We’re shining the ProjectIMPACT Spotlight on Kwame Terra, MPH, an individual who is making a positive impact in healthcare by by building a digital health platform for the Black community. Terra is interviewed by Oyindayo Hassan, a fourth-year medical student at Meharry Medical College and VisualDx Student Advisory Board Member.
Please describe your company and what you hope to achieve with it
Kwame: Our first goal is to communicate to the Black community their current health status through the bEHR health score. bEHR provides real-time health scoring, personalized coaching, and access to culturally competent healthcare providers and resources.
The bEHR health score is a number between 0 and 1,000 that represents your overall health, or relative rate of aging. A person’s score will increase or decrease in near real time depending on how your lifestyle and health data changes over time. It’s like a credit score, but for your health.
Our vision at bEHR is to make health a part of Black culture– placing it at the core of how we live, learn, work, play, and celebrate in the Black community.
What do you see as the biggest challenges in reducing bias in healthcare?
Kwame: The biggest challenge to reducing bias in healthcare is training a more diverse workforce.

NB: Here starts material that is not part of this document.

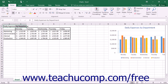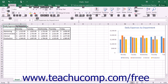First, press the Alt key on your keyboard to display a set of keybadges next to the various objects in the ribbon and the quick access toolbar. Then press the key on your keyboard that corresponds to the command function you want to show. Continue pressing the corresponding keybadges until you press the keybadge for the command function that you want to execute.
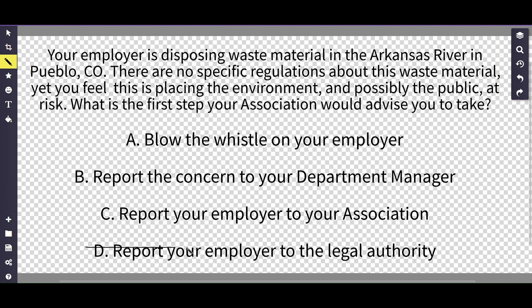Another clue is that blowing the whistle or reporting the act to the authority is typically used as a last resort. We don't have enough information, so A is an option but it's not the best option.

In other words—we need more Black doctors.
Studies have shown that Black doctors are more likely to provide culturally competent care, understand the unique health needs and concerns of Black patients, and build trusting relationships. Improved communication and understanding can lead to increased patient satisfaction, better adherence to treatment plans, and ultimately, improved health outcomes.

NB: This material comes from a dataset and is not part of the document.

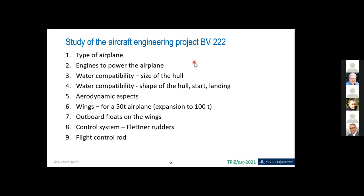So what was the study like? Basically we have a couple of parts of the airplane which are discussed deeply in the reports about it, which were mainly: the type of airplane and engines, the water compatibility — especially the size of the hull — afterwards the shape of the hull especially for starting and landing, a couple of aerodynamic effects, the wings themselves, outboard floats on the wings, the control system, and control rods. A couple of fields were discussed in detail regarding how they were developed.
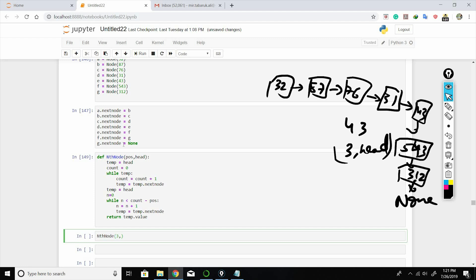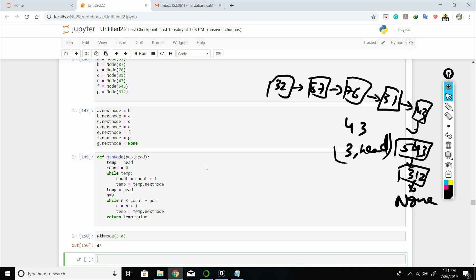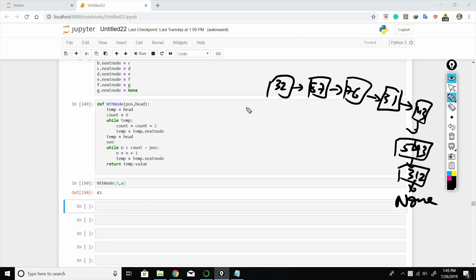Let's see if this works: nth_node(3, a) should return 43. We take the rank from the end as input — here, 3 — subtract it from the total count, then run a loop from the top till we encounter that difference.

Having diverse representation in the medical field is crucial for reducing bias and ensuring equitable healthcare for all.

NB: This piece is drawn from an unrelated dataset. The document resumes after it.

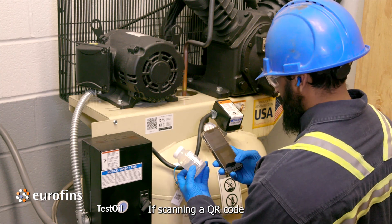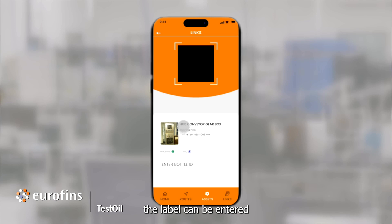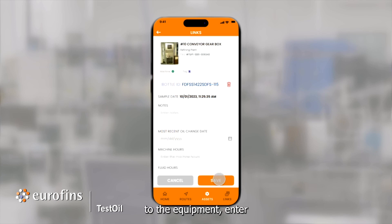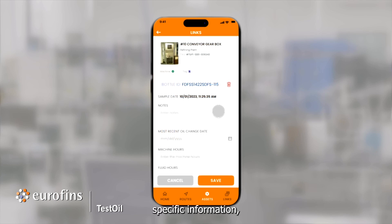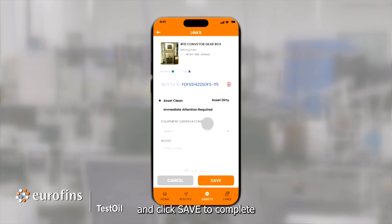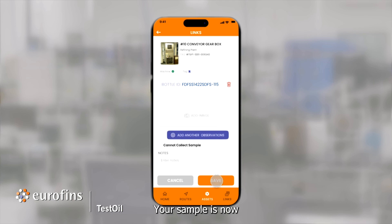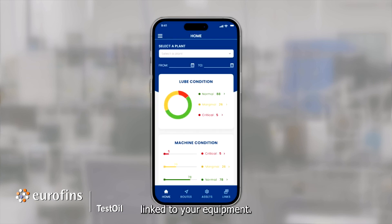If scanning a QR code is not an option, the bottle ID on the label can be entered in this field here. Once a bottle ID is linked to the equipment, enter any sample-specific information, freehand notes, images, or any other observations and click Save to complete your linking. Your sample is now linked to your equipment.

oh: How will your platform change the face of healthcare?
Kwame: I believe our platform will transform healthcare by empowering individuals to take control of their own health through real-time health education and then use this real-time data to inform and drive the delivery of social and environmental solutions based on trends we see within different communities. Our platform addresses both the proximal and distal drivers of disease, while our current system focuses primarily on treating symptoms.
What or who inspires You?
Kwame: I am most inspired by the possibility of a better future for our society. My mission in life is to maximize human potential because if we’re not all that can be, we suffer more than we have to and so do those around us. I started my company because the policies, practices, and beliefs that have caused the current state of Black health were targeted at the Black community and I believe the solutions must be just as targeted—if not more.
What advice would you give to medical students or residents interested in addressing healthcare disparities?
Kwame: Health equity is about improving people’s quality of life, period. Quality of life is what has been taken through centuries of injustice and what must be restored to achieve health equity.
Consider the whole person in your care— their home environment, their culture, their education, their social support system. Not only will this lead to better outcomes, but the empathy developed through this attitude contributes to restoring the social fabric that our society depends on.
How do you pledge to make an impact to improve health equity?
Kwame: Health equity is at the core of the design and delivery of our products and services at bEHR. We are the only whole health platform using a community-based participatory research approach (CBPR) to design precision health solutions for the Black community. CBPR is an approach to research and development that engages researchers and community members as equal partners in the design and implementation of solutions for the community. This approach leads to more trust and fosters a sense of ownership, ultimately leading to greater adoption and better outcomes.
This Project IMPACT blog series was created to highlight leaders who are making a positive impact in healthcare by reducing racial bias in medicine.